Reproduce each record exactly, but exclude every picture.

(Image-caption web data)
************
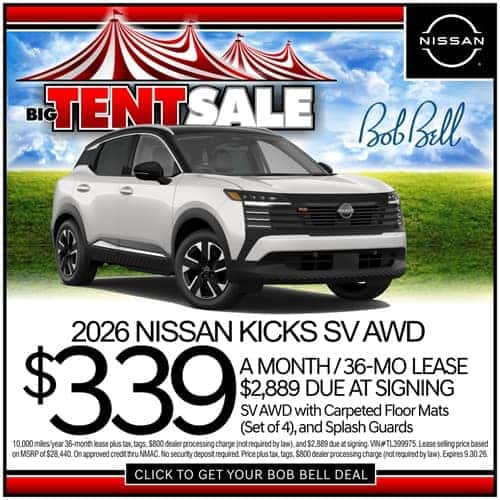 2026 Nissan Kicks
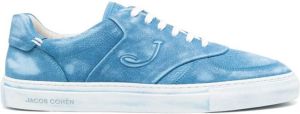 Jacob Cohën logo low-top sneakers Blue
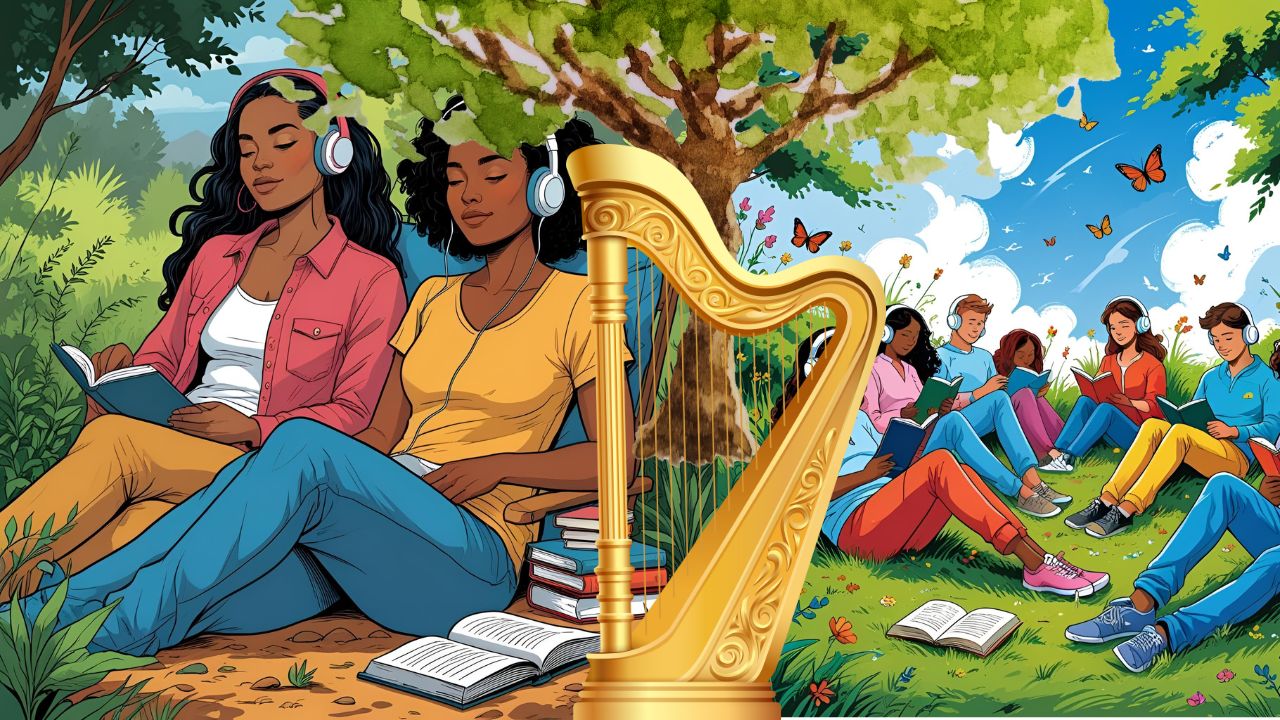Nature Sounds Audio – Meditative moments for a peaceful day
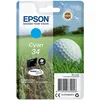 Image de Epson 34 (C13T34624010) Inktcartridge Cyaan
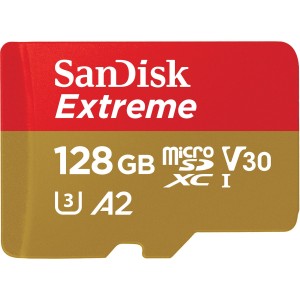 SanDisk 128GB Extreme Micro SD Card SDXC UHS-I 160MB/s Mobile Phone Memory Card SDSQXA1-128G 
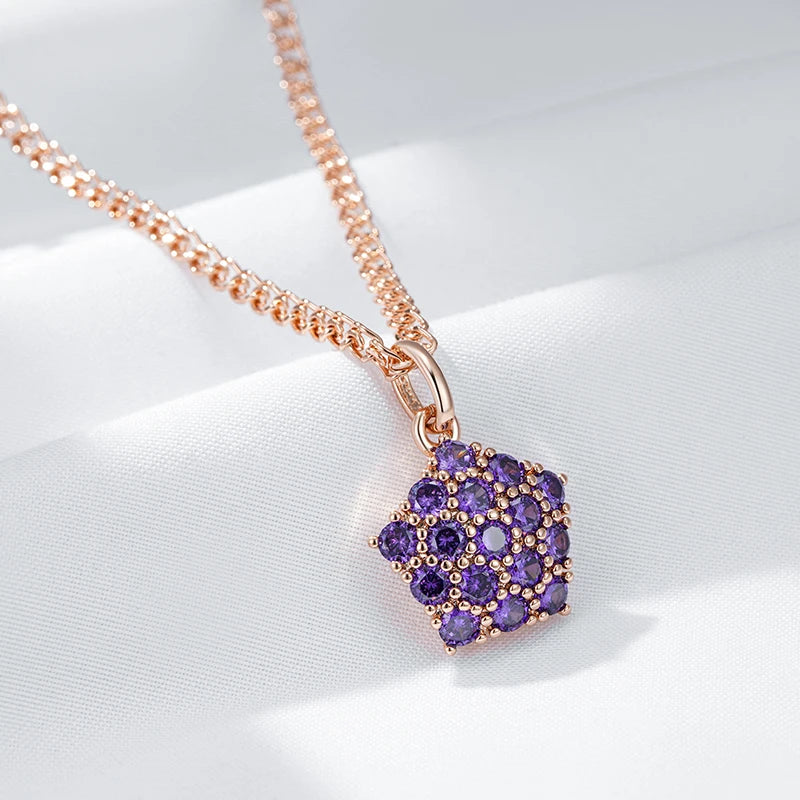 Natural Zircon Necklace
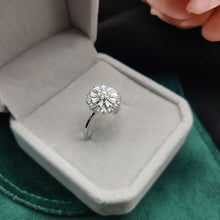 Silver Solitaire Shine Ring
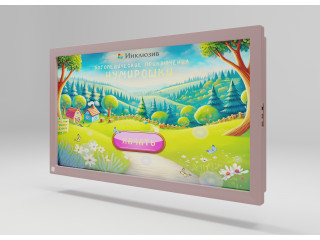 Интерактивная панель с логопедическим комплексом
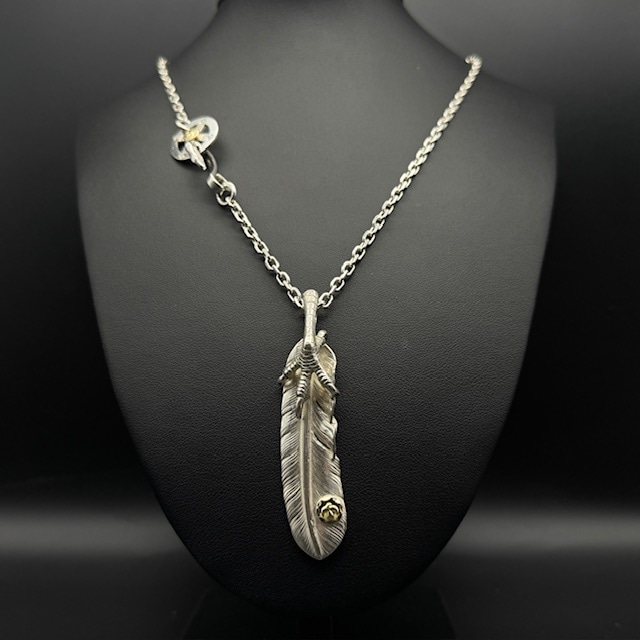 マキロン　銀爪左右 原宿SV店限定セット】銀爪特大フェザー 左向き SET 【取扱：原宿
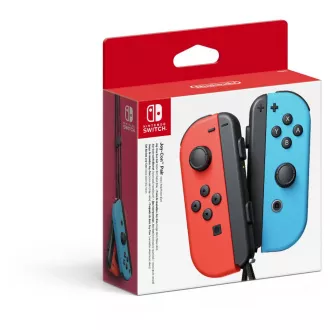 Nintendo Joy-Con par Neon Red/Neon Blue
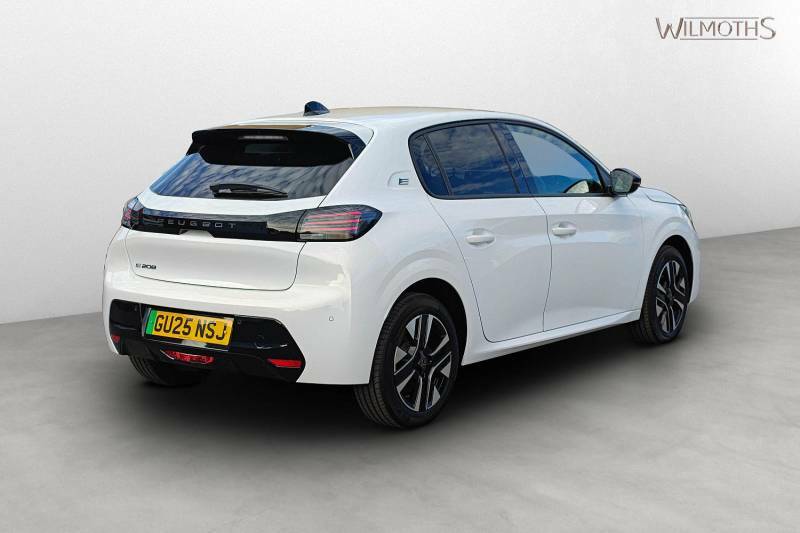 Peugeot e-208 50Kwh Allure Hatchback 7.4Kw Ch GU25NSJ #4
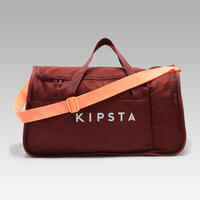 40L Sports Bag Kipocket - Red/Coral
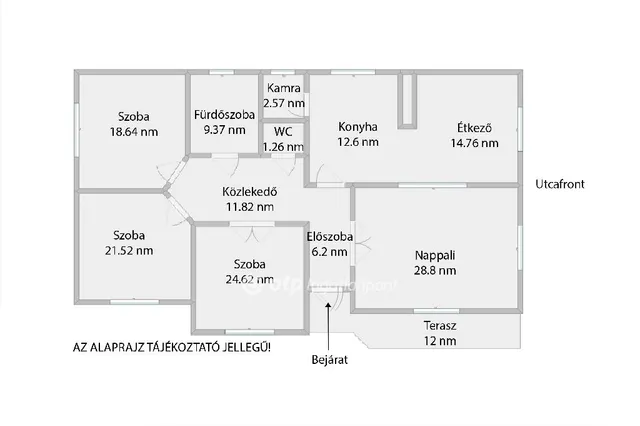 Eladó ház Doboz 156 nm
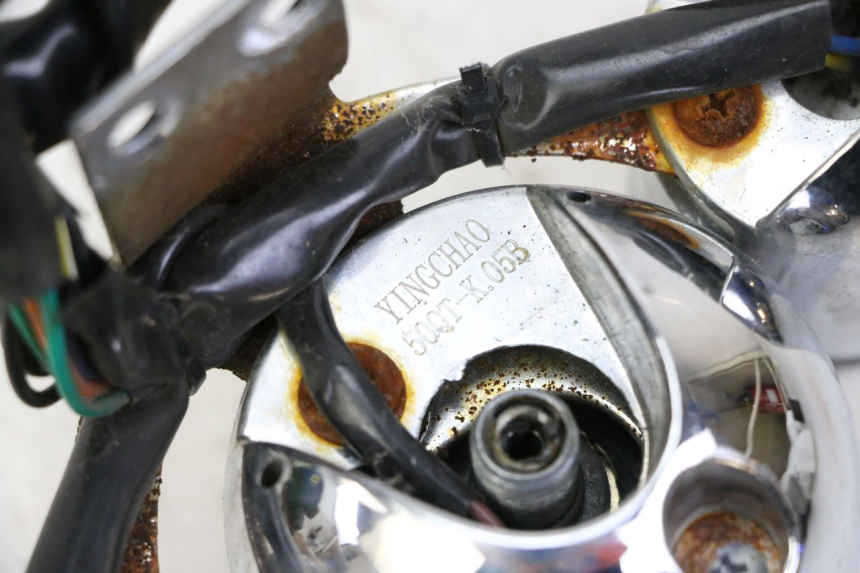 photo de SPEEDOMETER JM MOTORS OLDIES GT 4T 50 (2018 - 2025) - High-resolution close-up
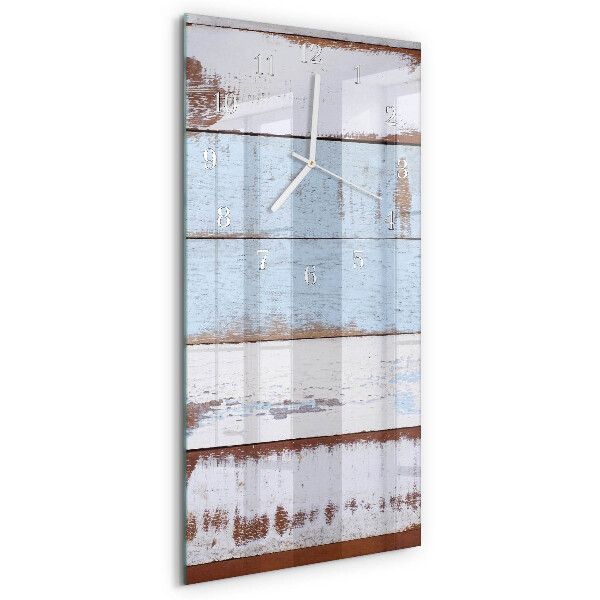 Horloge rectangulaire verticale Mur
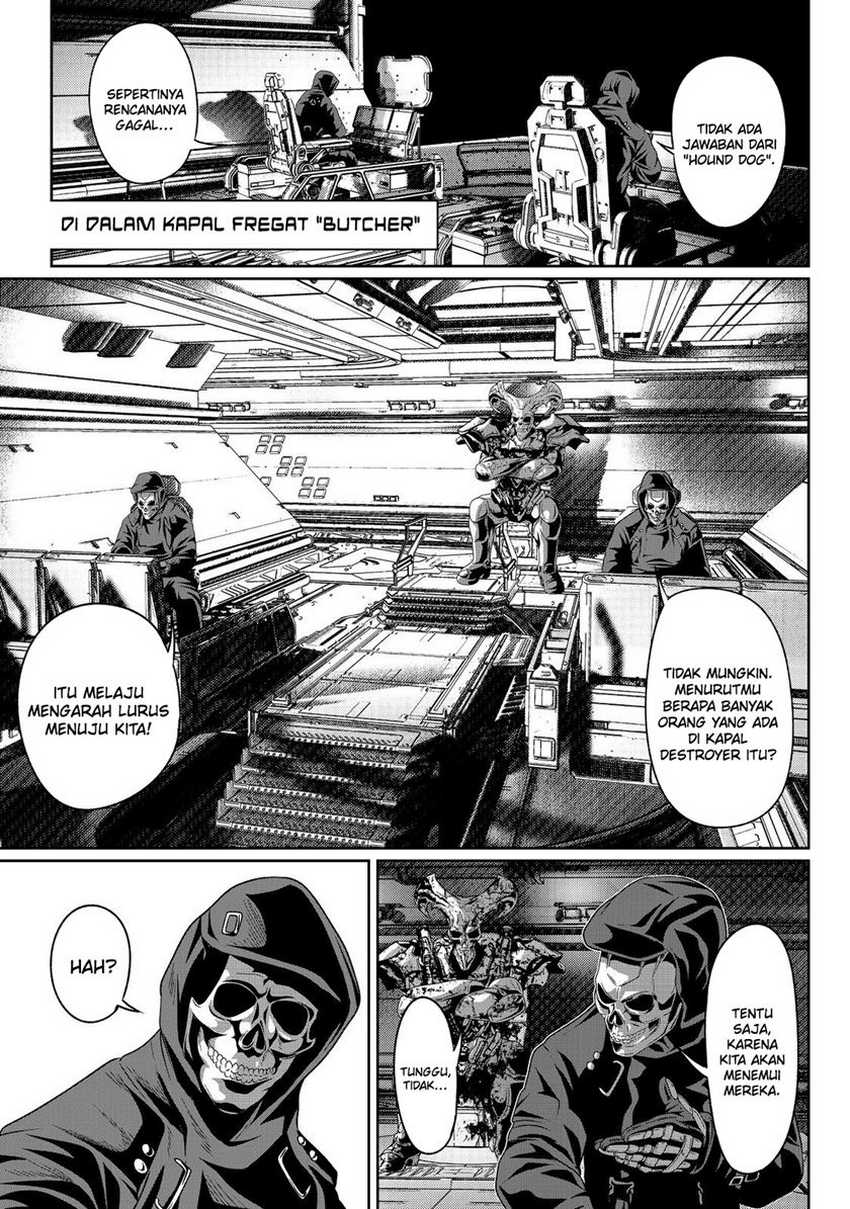 “Koko wa Makasete Sakini Ike!” wo shitai Shinitagari no Nozomanu Uchuu Gekokujou Chapter 05 Gambar 5
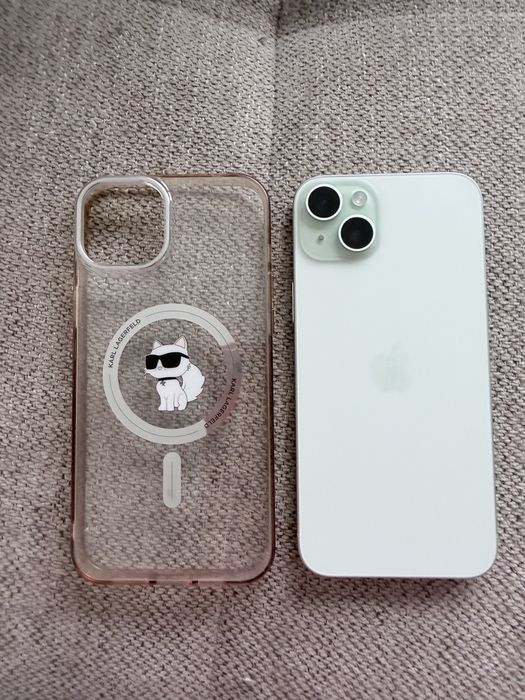 Iphone 15 plus 256 GB jak nowy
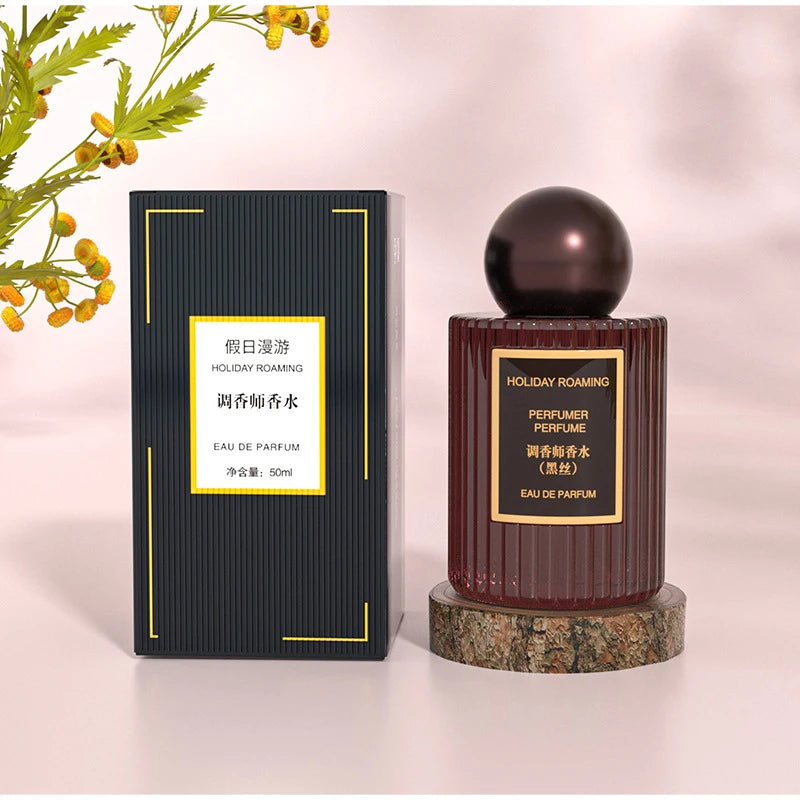 Gourmand Oriental Perfume With Fruity Floral Coffee Vanilla Cedarwood Notes Rich Warm Scent Romantic Gift Lasting Fragrance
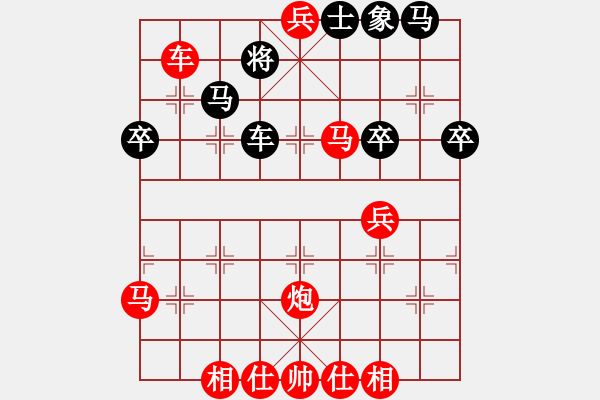 象棋棋譜圖片：7280局 A06-兵底炮局-小蟲(chóng)引擎23層 紅先勝 天天AI選手 - 步數(shù)：59 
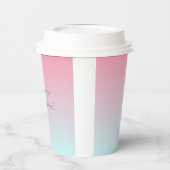 コーヒー紙カップ 紙コップ (左)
************
Answer box:
 2026 Nissan Kicks
 Jacob Cohën logo low-top sneakers Blue
Nature Sounds Audio – Meditative moments for a peaceful day
 Image de Epson 34 (C13T34624010) Inktcartridge Cyaan
 SanDisk 128GB Extreme Micro SD Card SDXC UHS-I 160MB/s Mobile Phone Memory Card SDSQXA1-128G 
 Natural Zircon Necklace
 Silver Solitaire Shine Ring
 Интерактивная панель с логопедическим комплексом
 マキロン　銀爪左右 原宿SV店限定セット】銀爪特大フェザー 左向き SET 【取扱：原宿
 Nintendo Joy-Con par Neon Red/Neon Blue
 Peugeot e-208 50Kwh Allure Hatchback 7.4Kw Ch GU25NSJ #4
 40L Sports Bag Kipocket - Red/Coral
 Eladó ház Doboz 156 nm
 photo de SPEEDOMETER JM MOTORS OLDIES GT 4T 50 (2018 - 2025) - High-resolution close-up
 Horloge rectangulaire verticale Mur
 “Koko wa Makasete Sakini Ike!” wo shitai Shinitagari no Nozomanu Uchuu Gekokujou Chapter 05 Gambar 5
 Iphone 15 plus 256 GB jak nowy
 Gourmand Oriental Perfume With Fruity Floral Coffee Vanilla Cedarwood Notes Rich Warm Scent Romantic Gift Lasting Fragrance
 象棋棋譜圖片：7280局 A06-兵底炮局-小蟲(chóng)引擎23層 紅先勝 天天AI選手 - 步數(shù)：59 
 コーヒー紙カップ 紙コップ (左)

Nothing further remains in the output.